STUDY MATERIAL:
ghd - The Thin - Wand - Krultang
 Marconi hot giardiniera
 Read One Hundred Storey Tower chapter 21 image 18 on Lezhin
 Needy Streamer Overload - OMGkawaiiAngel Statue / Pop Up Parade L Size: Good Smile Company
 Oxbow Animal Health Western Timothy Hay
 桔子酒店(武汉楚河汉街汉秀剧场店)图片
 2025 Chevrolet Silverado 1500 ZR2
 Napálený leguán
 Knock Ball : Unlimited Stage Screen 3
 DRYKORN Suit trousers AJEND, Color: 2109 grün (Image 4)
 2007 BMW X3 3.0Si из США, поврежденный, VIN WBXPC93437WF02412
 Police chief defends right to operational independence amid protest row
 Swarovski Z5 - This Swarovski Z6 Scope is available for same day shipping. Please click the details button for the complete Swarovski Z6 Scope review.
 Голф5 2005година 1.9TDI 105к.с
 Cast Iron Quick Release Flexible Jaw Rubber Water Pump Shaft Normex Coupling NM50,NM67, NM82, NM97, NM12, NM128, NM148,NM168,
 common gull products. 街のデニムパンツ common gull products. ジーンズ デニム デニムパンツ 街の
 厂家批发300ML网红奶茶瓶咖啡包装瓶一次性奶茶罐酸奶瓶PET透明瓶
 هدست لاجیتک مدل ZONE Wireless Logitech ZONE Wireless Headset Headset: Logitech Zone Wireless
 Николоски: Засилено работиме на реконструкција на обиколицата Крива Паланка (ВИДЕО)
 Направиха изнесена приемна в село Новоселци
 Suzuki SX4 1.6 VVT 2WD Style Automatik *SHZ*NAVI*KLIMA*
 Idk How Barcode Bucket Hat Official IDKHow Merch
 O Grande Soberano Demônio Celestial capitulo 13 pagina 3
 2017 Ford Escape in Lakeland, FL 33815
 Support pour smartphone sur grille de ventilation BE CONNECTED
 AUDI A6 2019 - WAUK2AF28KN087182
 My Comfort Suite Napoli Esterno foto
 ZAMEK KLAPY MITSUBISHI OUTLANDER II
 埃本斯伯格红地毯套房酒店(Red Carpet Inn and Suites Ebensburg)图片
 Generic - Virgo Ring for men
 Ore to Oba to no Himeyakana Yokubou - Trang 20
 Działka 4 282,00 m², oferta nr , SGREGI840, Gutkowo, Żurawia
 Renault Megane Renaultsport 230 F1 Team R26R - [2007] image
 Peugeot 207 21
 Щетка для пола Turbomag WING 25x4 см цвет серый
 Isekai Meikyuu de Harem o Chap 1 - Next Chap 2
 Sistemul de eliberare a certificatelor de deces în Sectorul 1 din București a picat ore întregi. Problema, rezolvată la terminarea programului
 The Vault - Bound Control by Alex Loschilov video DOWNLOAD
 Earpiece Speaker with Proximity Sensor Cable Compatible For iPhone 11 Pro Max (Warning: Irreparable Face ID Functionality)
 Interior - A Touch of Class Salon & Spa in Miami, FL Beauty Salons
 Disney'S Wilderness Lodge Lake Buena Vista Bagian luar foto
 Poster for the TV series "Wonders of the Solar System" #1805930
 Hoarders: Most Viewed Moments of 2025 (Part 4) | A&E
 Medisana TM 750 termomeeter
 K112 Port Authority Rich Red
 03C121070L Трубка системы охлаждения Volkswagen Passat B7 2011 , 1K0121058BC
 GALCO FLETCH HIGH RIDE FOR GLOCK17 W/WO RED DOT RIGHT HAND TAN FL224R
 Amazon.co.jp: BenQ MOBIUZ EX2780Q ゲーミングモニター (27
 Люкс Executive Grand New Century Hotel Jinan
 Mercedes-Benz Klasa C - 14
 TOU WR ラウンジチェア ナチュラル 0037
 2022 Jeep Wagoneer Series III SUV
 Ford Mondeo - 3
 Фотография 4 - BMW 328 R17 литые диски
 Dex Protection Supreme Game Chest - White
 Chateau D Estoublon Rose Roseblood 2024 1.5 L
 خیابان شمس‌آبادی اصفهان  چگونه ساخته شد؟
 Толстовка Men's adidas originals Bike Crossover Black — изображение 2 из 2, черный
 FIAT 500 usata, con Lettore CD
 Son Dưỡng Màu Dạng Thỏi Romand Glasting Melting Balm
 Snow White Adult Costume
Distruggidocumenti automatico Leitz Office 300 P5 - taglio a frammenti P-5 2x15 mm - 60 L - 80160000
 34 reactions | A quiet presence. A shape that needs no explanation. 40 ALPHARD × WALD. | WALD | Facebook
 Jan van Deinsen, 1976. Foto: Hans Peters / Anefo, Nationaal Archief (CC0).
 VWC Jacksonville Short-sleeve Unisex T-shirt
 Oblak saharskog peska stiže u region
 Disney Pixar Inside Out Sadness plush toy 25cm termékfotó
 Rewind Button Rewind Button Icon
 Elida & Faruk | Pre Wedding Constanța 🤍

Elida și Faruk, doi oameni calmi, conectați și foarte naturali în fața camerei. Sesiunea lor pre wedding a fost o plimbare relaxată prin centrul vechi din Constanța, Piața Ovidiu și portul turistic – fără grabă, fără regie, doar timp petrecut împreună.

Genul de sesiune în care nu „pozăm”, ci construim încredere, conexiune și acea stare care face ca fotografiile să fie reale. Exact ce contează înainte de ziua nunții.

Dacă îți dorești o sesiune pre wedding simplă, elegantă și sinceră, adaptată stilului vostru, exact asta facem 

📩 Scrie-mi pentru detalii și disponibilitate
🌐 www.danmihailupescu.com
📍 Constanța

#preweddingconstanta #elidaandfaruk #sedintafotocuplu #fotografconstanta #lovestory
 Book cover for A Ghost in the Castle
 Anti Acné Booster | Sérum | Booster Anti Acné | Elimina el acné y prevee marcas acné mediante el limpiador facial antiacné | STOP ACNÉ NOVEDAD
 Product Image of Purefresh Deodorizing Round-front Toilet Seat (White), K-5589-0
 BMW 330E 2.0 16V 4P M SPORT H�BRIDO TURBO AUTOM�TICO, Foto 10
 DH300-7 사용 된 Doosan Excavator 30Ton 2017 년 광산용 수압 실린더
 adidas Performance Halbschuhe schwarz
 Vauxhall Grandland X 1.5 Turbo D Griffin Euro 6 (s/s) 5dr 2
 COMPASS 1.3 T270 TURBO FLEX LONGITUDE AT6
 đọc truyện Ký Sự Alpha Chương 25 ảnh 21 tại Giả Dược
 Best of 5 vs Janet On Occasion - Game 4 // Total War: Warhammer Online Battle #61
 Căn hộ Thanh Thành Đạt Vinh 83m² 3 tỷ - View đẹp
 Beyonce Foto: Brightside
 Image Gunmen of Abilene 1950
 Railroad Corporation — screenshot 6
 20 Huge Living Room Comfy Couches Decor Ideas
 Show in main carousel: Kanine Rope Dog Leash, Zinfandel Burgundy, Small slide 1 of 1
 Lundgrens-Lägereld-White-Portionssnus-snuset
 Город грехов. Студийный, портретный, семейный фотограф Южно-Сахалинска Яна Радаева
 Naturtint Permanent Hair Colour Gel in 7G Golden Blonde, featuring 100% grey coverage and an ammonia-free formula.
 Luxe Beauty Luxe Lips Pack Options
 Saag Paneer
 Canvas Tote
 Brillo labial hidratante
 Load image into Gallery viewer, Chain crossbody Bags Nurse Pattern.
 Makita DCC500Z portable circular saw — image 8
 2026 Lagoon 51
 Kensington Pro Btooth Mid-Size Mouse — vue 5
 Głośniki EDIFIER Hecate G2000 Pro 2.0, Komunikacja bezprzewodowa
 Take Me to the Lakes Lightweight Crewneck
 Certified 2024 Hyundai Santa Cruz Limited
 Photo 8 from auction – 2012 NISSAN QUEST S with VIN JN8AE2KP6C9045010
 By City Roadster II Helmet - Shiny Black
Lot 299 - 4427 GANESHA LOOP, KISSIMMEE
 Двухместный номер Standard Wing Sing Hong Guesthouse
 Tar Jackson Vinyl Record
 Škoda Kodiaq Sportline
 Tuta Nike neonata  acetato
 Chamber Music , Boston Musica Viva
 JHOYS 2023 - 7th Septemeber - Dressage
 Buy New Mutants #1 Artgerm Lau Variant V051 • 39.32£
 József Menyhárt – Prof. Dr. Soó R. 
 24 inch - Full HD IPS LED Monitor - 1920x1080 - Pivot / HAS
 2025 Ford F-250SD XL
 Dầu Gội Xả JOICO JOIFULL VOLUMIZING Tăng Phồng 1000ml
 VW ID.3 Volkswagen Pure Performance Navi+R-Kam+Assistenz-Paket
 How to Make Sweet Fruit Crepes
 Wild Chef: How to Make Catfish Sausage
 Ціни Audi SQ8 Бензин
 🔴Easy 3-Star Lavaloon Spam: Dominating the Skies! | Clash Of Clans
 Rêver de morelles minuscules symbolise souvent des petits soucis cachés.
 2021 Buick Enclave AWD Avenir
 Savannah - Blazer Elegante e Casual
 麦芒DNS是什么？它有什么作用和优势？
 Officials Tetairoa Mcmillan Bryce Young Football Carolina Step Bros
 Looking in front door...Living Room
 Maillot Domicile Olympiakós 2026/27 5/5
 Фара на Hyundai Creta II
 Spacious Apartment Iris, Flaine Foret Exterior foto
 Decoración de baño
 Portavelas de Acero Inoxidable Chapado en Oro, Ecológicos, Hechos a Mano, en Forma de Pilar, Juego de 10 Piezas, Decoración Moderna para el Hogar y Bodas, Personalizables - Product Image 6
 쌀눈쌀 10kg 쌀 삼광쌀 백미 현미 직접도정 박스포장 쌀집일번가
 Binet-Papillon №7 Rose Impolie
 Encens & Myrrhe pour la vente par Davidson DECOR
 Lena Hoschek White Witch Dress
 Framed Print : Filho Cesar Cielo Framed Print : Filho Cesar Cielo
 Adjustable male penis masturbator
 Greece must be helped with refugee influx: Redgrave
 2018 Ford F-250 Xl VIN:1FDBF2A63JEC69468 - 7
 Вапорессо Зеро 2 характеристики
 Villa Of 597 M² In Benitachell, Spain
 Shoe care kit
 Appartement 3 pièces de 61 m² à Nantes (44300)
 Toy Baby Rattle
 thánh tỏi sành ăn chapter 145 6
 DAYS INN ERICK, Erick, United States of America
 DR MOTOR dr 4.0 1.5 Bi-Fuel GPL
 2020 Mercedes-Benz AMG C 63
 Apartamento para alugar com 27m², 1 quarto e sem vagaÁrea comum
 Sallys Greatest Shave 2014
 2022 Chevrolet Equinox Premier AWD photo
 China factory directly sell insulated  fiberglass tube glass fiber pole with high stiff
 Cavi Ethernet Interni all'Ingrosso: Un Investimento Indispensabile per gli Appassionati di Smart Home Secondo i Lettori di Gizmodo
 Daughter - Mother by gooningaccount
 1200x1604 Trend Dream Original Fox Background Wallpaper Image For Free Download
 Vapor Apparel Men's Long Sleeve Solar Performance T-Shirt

PROBLEM REQUIREMENTS:
Every line of the material that holds the word "Benz" must be found and copied.

SOLUTION TO THIS TASK:
 Mercedes-Benz Klasa C - 14
 2020 Mercedes-Benz AMG C 63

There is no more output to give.